Dataitem kinds

At the moment, we support the following kinds:

table: represents a table

For each different kind, the Dataitem object has its own subclass with different spec and status attributes.

Table

The table kind indicates that the dataitem is a generic table. It's usefull if you intend to manipulate the dataitem as a dataframe, in fact it has some methods to do so. The default dataframe framework we use to represent a table as dataframe is pandas.

Table spec parameters

Parameter	Type	Description	Default
`path`	str	Path of the dataitem, can be a local path or a remote path, a single filepath or a directory/partition.	required
`schema`	TableSchema	Frictionless table schema	`None`

Table methods

The table kind has the following additional methods:

`as_df`

Read dataitem file (csv or parquet) as a DataFrame from spec.path. It's possible to pass additional arguments to the this function. These keyword arguments will be passed to the DataFrame reader function such as pandas's read_csv or read_parquet.

Parameters:

Name	Type	Description	Default
`file_format`	`str`	Format of the file to read.
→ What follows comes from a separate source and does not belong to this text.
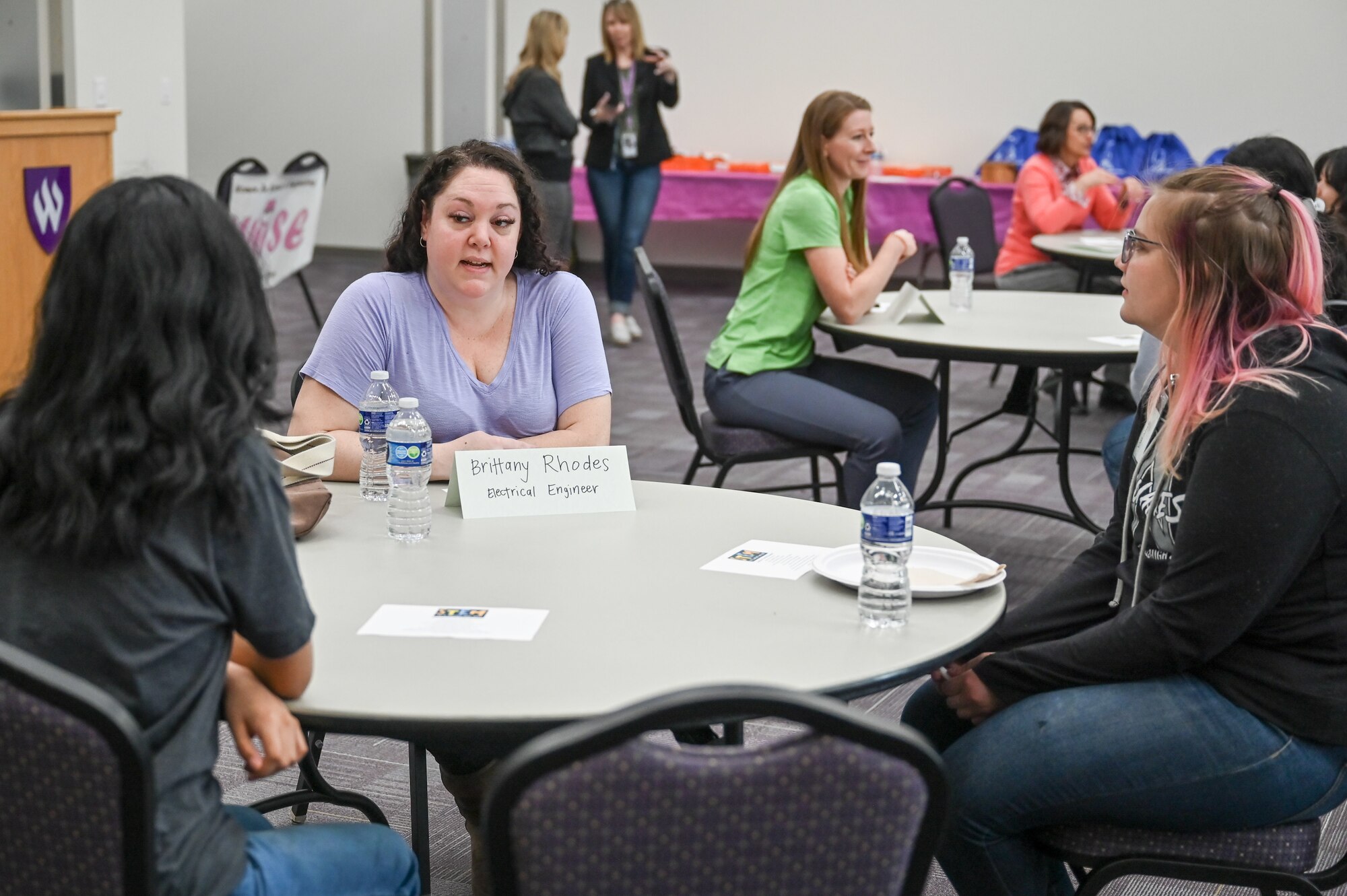 Brittany Rhodes, 516th Software Engineering Squadron at Hill Air Force Base, Utah, meets with female high school students from NUAMES High School in Layton, during a Science, Technology, Engineering and Math (STEM) event March 30, 2023.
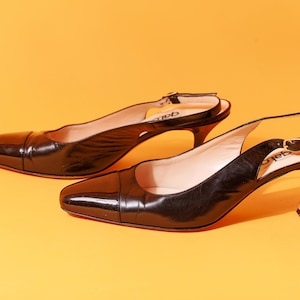May include: A pair of black leather slingback heels with pointed toes. The shoes have a thin heel and a buckle closure on the slingback strap. The heels are set against a yellow background.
By default, it will be inferred from the extension of the file.	`None`
`engine`	`str`	Dataframe framework, by default pandas.	`'pandas'`
`**kwargs`	`dict`	Keyword arguments passed to the read_df function.	`{}`

Returns:

Type	Description
`Any`	DataFrame.

`write_df`

Write DataFrame as parquet/csv/table into dataitem spec.path. keyword arguments will be passed to the DataFrame reader function such as pandas's to_csv or to_parquet. Note that by default the index is dropped when writing the dataframe. To keep the index, you can pass index=True as a keyword argument. If the dataitem path is a SQL scheme, the dataframe will be written to the table specified in the path (sql://(/)/).

Parameters:

Name	Type	Description	Default
`df`	`Any`	DataFrame to write.	required
`extension`	`str`	Extension of the file (supported parquet and csv).	`None`
`**kwargs`	`dict`	Keyword arguments passed to the write_df function.	`{}`

Returns:

Type	Description
`str`	Path to the written dataframe.

Examples:

>>> import digitalhub as dh
>>> import pandas as pd
>>>
>>> p = dh.get_project("my_project")
>>> df = pd.read_df("data/my_data.csv")
>>> di = p.new_dataitem(
...     name="my_dataitem",
...     kind="table",
...     path="s3://my-bucket/my-data.parquet",
... )
>>> di.write_df(
...     df,
...     extension="parquet",
...     index=True,
... )
's3://my-bucket/my-data.parquet'